Sherbrooke Academy Junior, a public French immersion school in Beaconsfield that teaches kindergarten, Grade 1 and 2 students, introduced the program when it opened last fall.
Expanded from SEL (Social Emotional Learning) and PBIS (Positive Behaviour Intervention and Support) ideologies, the program also allows students to take breaks to help them if they need to refocus. “We don’t get angry at our students,” says Principal Carmela di Iorio. “The malaise of the 21st century is anxiety and by responding positively to mistakes, students will feel less anxious about making them.”
When a student misbehaves, rather than punish them, teachers can say “PAWS” while holding their hand up in the form of a paw. PAWS stands for Pause, think and respect, Accept responsibility, Work together and Stay safe.
According to di Iorio, 80 per cent of students respond right away, while 15 per cent need more time and explanation before calming down. Students who continue to exhibit at-risk behaviour with no signs of improvement receive personalized care from teachers, including daily check-ins and setting behavioural goals that work towards earning a reward (for example, extra reading time).
Teachers may opt for movement breaks or 60-second breathing exercises to help students refocus in the classroom. Misbehaving students may take 10-minute energy breaks at their own request or per the teacher’s instruction. Some students are given special cards that let teachers know they need a break without having to publicly announce it. Students can head to the TLC (teaching and learning centre), which boasts stationary bikes and exercise circuits, a room that provides a quiet area to read or draw, or hang out with school mascots, Sher Bear and Baby Bear Brooke (shown at right), at the friendship bench.

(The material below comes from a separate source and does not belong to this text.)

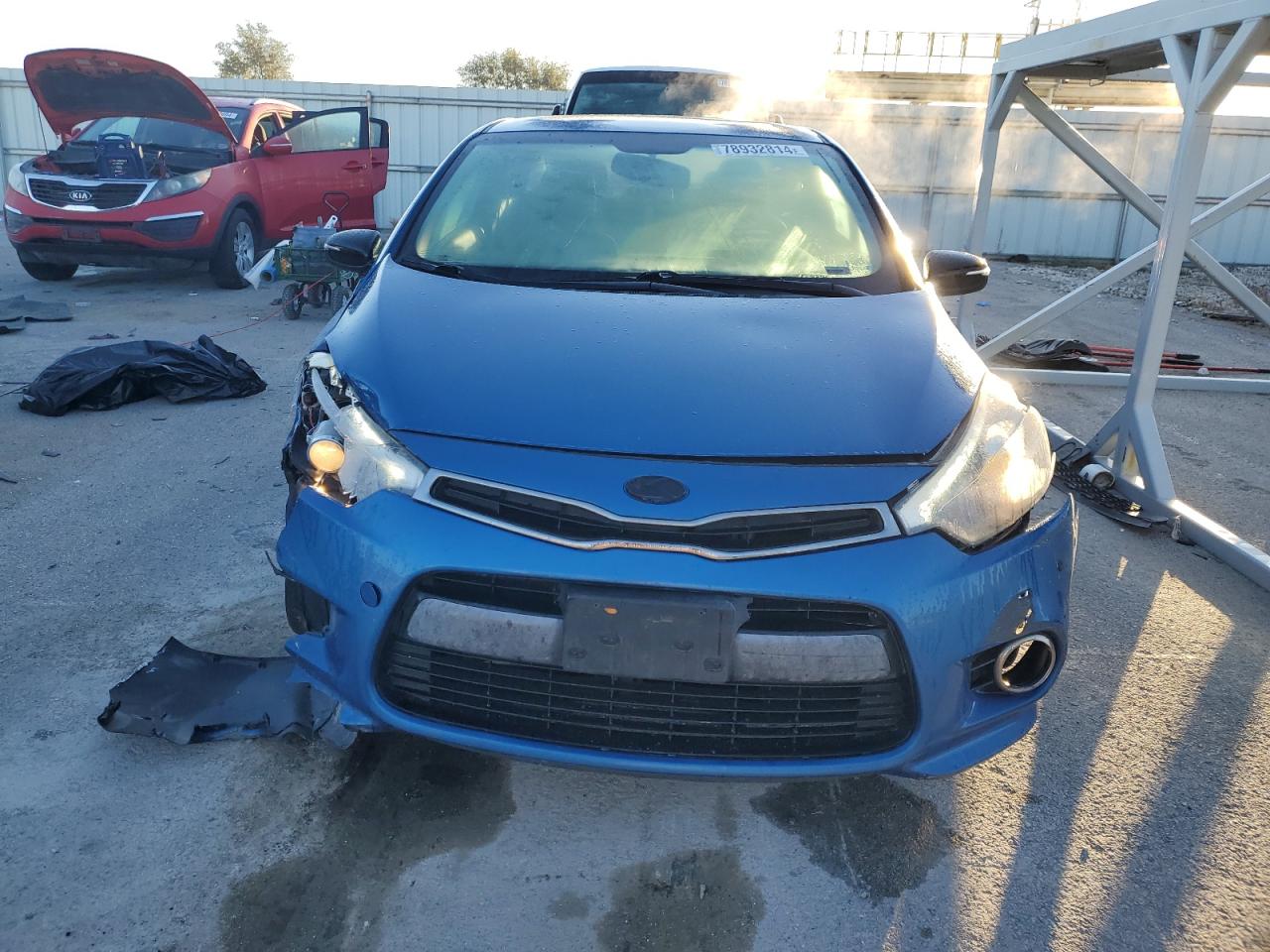 VIN KNAFZ6A37E5230945 2014 KIA FORTE no.5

If a child is worked up, teachers will ask the class to leave the room so they can address the student one-on-one. As a rule, teachers do not reprimand students in front of other students.

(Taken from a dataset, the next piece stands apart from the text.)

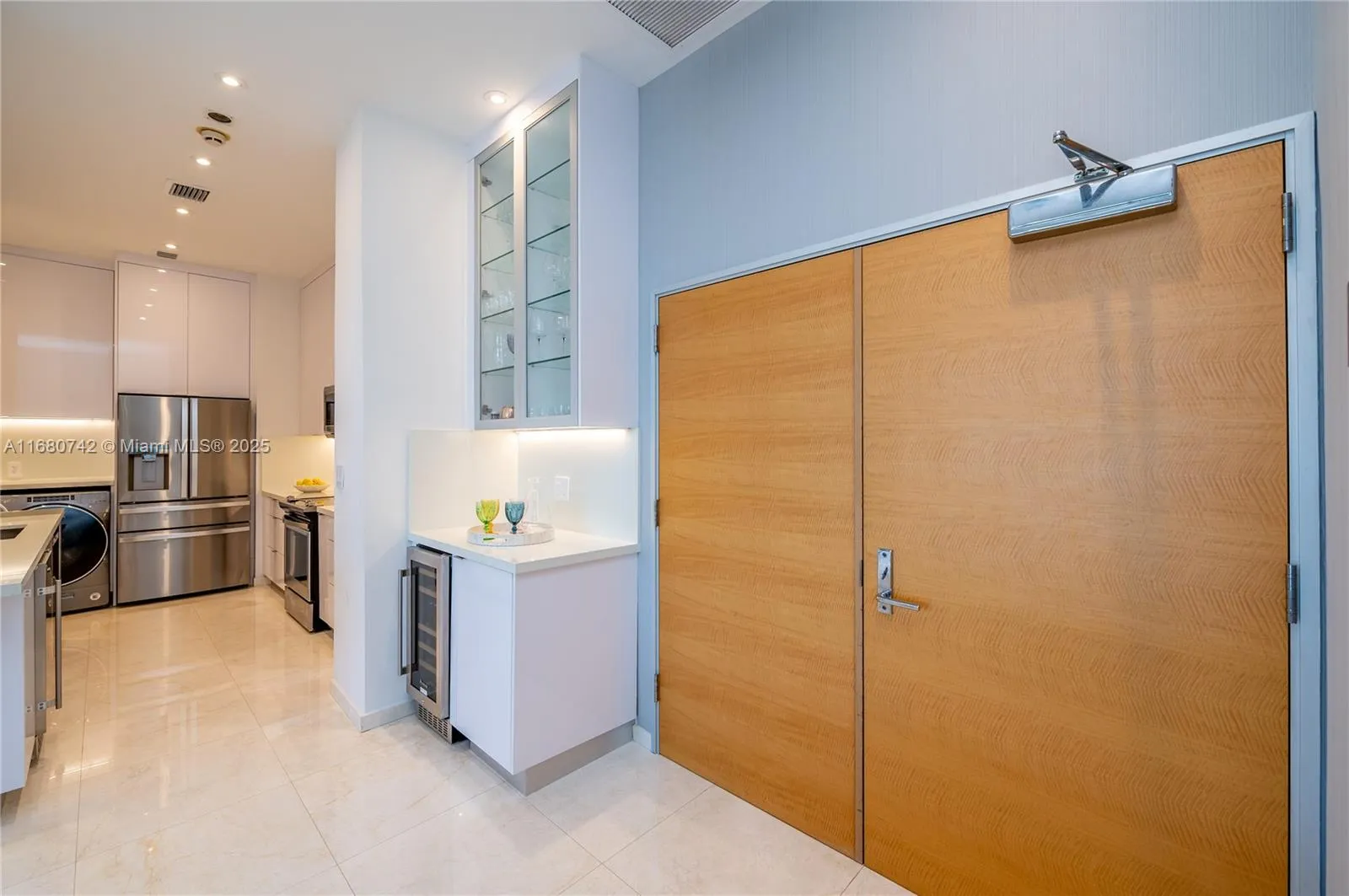 Key Biscayne, Florida 33149, United States, 1 Bedroom Bedrooms, ,2 BathroomsBathrooms,Residential,Active,37451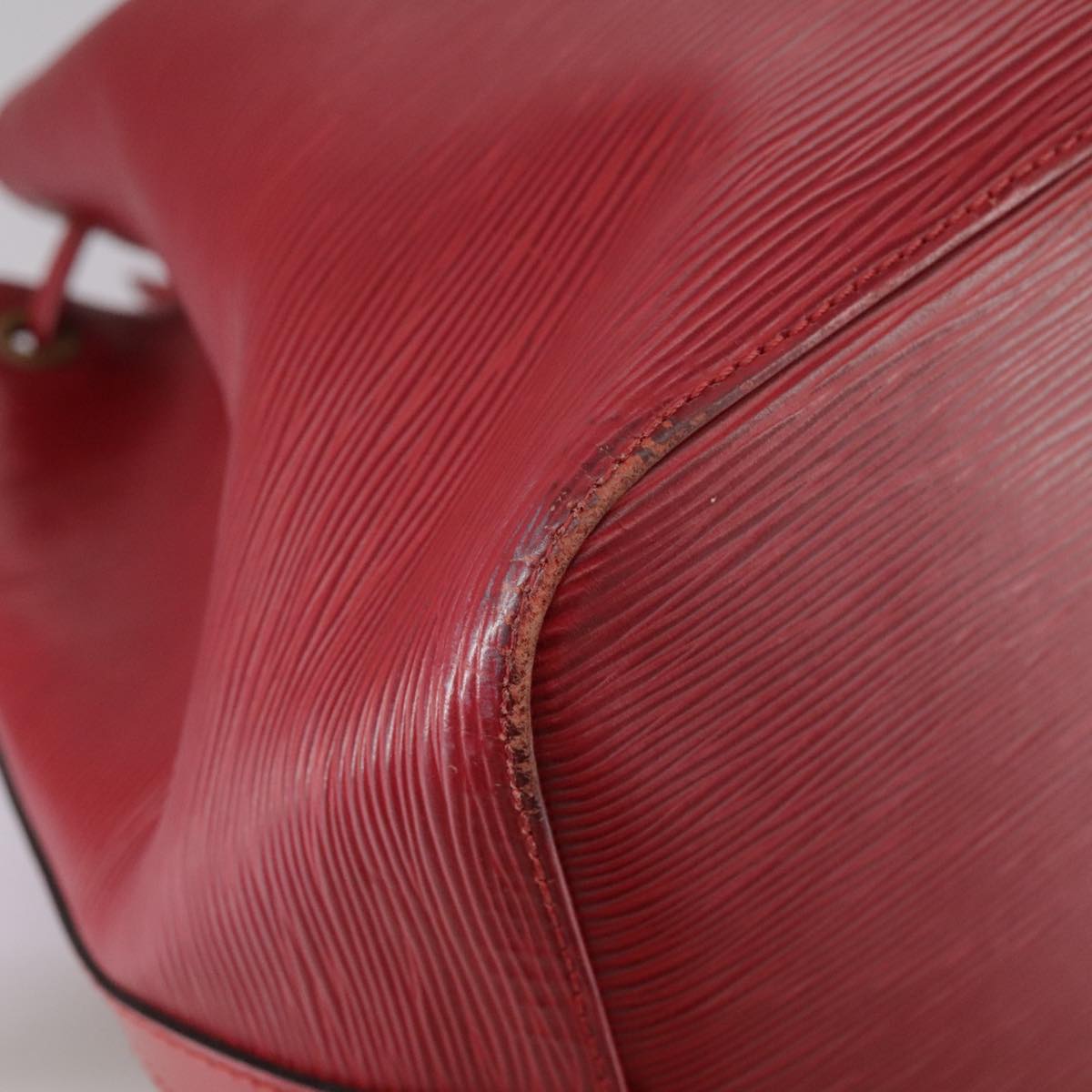 Louis Vuitton Petit Noé Red Leather Shoulder Bag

“We give them privacy and dignity, and find other ways to calm them down,” says di Iorio, who adds that these methods are meant to foster coping skills in ways that don’t shame students.
The small per cent of students who experience prolonged difficulties, according to di Iorio, eventually come around. “Even in the most difficult cases, students have been able to understand their behaviour and apologize,” she says.
“They are more considerate of each other,” says Grade 2 teacher Catherine Malone. “The older kids want to be role models to the younger kids, so they exhibit good behaviour.”
Each classroom is named after an animal — Malone’s class is called the Kangaroos — and they each have a class cheer. As well, flexible seating options are available to students, such as standing desks, bean bag chairs, sofas and cushions. “When kids can choose where and how they work, it gives them a sense of responsibility and they work better,” Malone says.
The school’s curriculum is also innovative; teachers follow the ‘flipped learning model,’ which reverses the traditional learning environment by delivering instructional content before or after class time and in a hands-on environment. “It’s not just pen, paper and memorization,” di Iorio says. “Students learn by doing.”
For example, during a lesson about architecture, students learned about shapes in the classroom, then visited a museum, met a professional architect, and explored neighbourhoods to learn about structure. They returned to the classroom inspired, and were given the tools to build their own miniature dream homes.
Sherbrooke Academy Junior opened last September after St. Paul and Sherwood Elementary Schools closed. The senior school is nearby and teaches kids from Grades 3-6.